Segment Start: Extracted information

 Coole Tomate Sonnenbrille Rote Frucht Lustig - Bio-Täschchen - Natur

Segment End: Extracted information
Segment Start: Extracted information

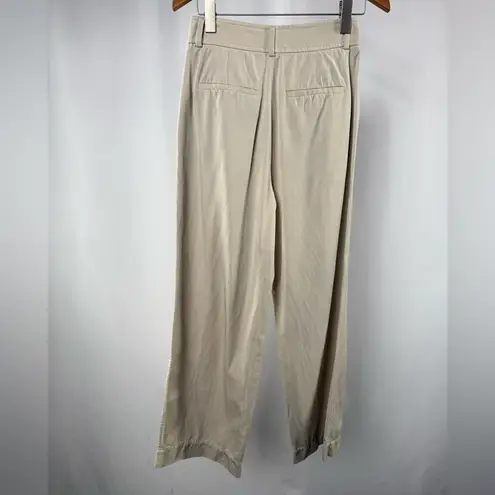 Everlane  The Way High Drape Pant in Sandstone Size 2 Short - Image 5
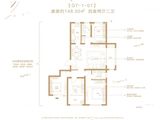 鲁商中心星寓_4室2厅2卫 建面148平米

Segment End: Extracted information

Working from the entries above, reproduce exactly and only the lines beginning with the line that has "Short - Image 5" and ending with the line that has "鲁商中心星寓_4室2厅2卫 建面148平米"; omit all pictures.

 Everlane  The Way High Drape Pant in Sandstone Size 2 Short - Image 5
 鲁商中心星寓_4室2厅2卫 建面148平米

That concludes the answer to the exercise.